Emerging and re-emerging RNA viruses pose significant public health, economic, and societal burdens. Hantaviruses (genus Orthohantavirus, family Hantaviridae, order Bunyavirales) are enveloped, negative-sense, single-stranded, tripartite RNA viruses that are emerging zoonotic pathogens harbored by small mammals such as rodents, bats, moles, and shrews. Orthohantavirus infections cause hemorrhagic fever with renal syndrome (HFRS) and hantavirus cardiopulmonary syndrome in humans (HCPS). Active targeted surveillance has elucidated high-resolution phylogeographic relationships between patient- and rodent-derived orthohantavirus genome sequences and identified the infection source by temporally and spatially tracking viral genomes.
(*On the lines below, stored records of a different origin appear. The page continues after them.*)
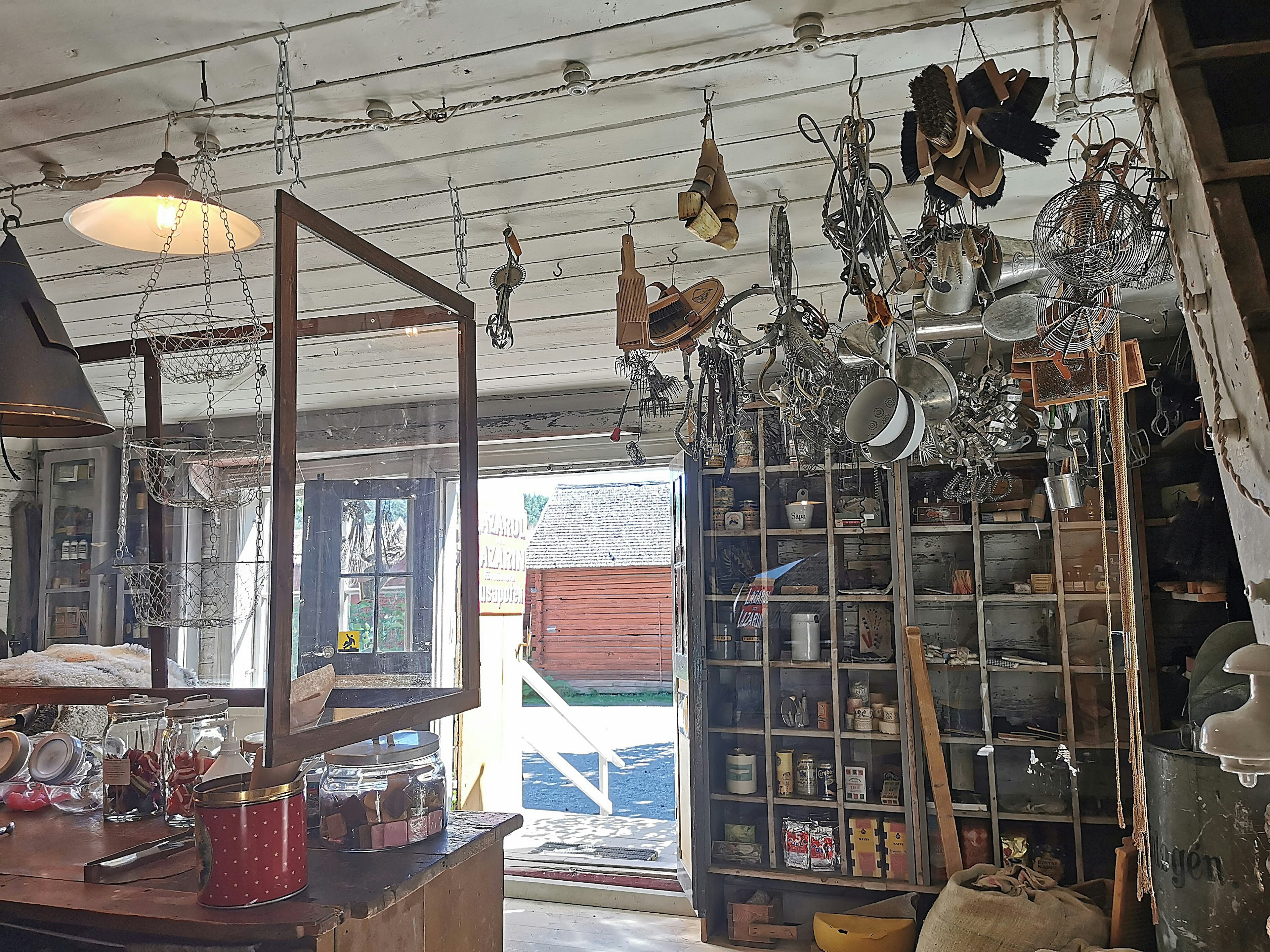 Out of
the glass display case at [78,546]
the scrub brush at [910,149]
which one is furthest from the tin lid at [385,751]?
the glass display case at [78,546]

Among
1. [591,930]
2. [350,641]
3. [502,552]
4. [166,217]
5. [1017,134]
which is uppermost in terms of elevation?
[166,217]

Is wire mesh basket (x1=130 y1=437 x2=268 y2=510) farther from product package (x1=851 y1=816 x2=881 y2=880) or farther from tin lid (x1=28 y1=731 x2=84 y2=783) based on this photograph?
product package (x1=851 y1=816 x2=881 y2=880)

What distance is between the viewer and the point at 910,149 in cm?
168

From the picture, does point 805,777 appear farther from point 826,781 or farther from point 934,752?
point 934,752

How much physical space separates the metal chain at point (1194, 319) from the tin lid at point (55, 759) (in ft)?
8.19

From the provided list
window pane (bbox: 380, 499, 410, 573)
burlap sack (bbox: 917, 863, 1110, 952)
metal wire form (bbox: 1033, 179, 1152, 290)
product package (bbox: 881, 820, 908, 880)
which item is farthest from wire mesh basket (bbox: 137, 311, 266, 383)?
product package (bbox: 881, 820, 908, 880)

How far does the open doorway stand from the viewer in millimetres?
6906

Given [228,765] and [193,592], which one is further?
[193,592]

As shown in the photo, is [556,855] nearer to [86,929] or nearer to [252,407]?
[252,407]

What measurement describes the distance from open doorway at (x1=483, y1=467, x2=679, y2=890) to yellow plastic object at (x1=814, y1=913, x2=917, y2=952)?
2.73m

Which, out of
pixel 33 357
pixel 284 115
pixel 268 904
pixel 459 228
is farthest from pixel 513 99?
pixel 268 904

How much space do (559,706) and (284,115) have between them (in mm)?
5549

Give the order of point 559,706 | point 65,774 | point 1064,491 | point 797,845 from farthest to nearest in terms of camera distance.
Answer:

Active surveillance of patients with HFRS entails 1) recovering whole-genome sequences of Hantaan virus (HTNV) using amplicon (multiplex PCR-based) next-generation sequencing, 2) tracing the putative infection site of a patient by administering an epidemiological questionnaire, and 3) collecting HTNV-positive rodents using targeted rodent trapping. Moreover, viral genome tracking has been recently performed to rapidly and precisely characterize an outbreak from the emerging virus. Here, we reviewed genomic epidemiological and active surveillance data for determining the emergence of zoonotic RNA viruses based on viral genomic sequences obtained from patients and natural reservoirs. This review highlights the recent studies on tracking viral genomes for identifying and characterizing emerging viral outbreaks worldwide. We believe that active surveillance is an effective method for identifying rodent-borne orthohantavirus infection sites, and this report provides insights into disease mitigation and preparedness for managing emerging viral outbreaks.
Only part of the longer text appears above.